Asunción: In der Hauptstadt zu wohnen bedeutet nicht in Sauberkeit zu wohnen. Das wissen die Bewohner der Chacarita besonders gut. Sie sind besonders gefährdet.

Victoria Velázquez (43) hält das Foto ihrer Tochter Jessica Elizabeth Navarro Velázquez (23) in den Händen. Darauf zu sehen ist sie mit einem breiten Lächeln. Dieses wurde am 17. Januar 2018 ausgelöscht – durch Dengue. Ein Kind von zwei Jahren wird Waise.

Insgesamt fünf Familienmitglieder erkrankten dieses Jahr an Dengue. Alle leben im Stadtteil Ricardo Brugada, auch bekannt als Chacarita, wo seit Dezember 2017 eine Art Dengue Epidemie ausgebrochen ist.

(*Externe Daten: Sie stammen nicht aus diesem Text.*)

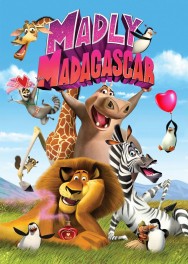 titta-Madly Madagascar-online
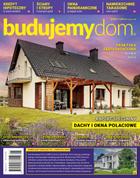 Budujemy Dom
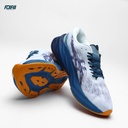 ASICS MEN Sportstyle Whitelll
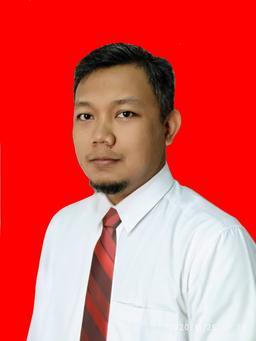 Martha Saptianto Getri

Nach der Beerdigung von Jessica fühlte sich ein weiterer Sohn schlecht. Nelson Nicolás Navarro (28) ist seit dem 19. Januar im Tropeninstitut der Hauptstadt auf der Intensivstation. “Zwei Kinder in einer Woche zu verlieren wäre besonders viel“, sagte Mutter Victoria, die sich selbst von ihrer zweiten Dengue Erkrankung erholt.

Gedemütigt und müde sitzt Victoria auf einem Stuhl in ihrem Hof. Sie selbst hat noch Fieberschübe und Kopfschmerzen. Jessica zeigte erste Symptome der Krankheit als sie ihre Mutter im Tropeninstitut beistand. Sie konsultierte am 11. Januar und wurde direkt dabehalten. Am Samstag den 13. Januar wurde sie jedoch entlassen und kehrte in ihr Haus zurück. Ihr ging es wieder schlechter und sie wurde wieder ins Tropeninstitut gebracht. Da kam sie auf die Intensivstation und verstarb am 17. Januar. Warum wurde sie nach zwei Tagen entlassen, fragt sich nun die Mutter.

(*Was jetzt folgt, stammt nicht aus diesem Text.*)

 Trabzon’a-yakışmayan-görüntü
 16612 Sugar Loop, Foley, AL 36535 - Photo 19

In Victorias Familie traf es zuerst den 7-jährigen Enkel, kurz nach dem Jahreswechsel, dann Victoria selbst, danach Jessica, gefolgt von Milagros (11) und schlussendlich Nelson (28). Der einzige, der nicht ein einziges Mal krank wurde ist der Vater der Familie, Osvaldo Navarro (48).

Seit 23 Jahren lebt die Familie in der Chacarita. Zum ersten Mal erkranken so viele Menschen an der Viruskrankheit.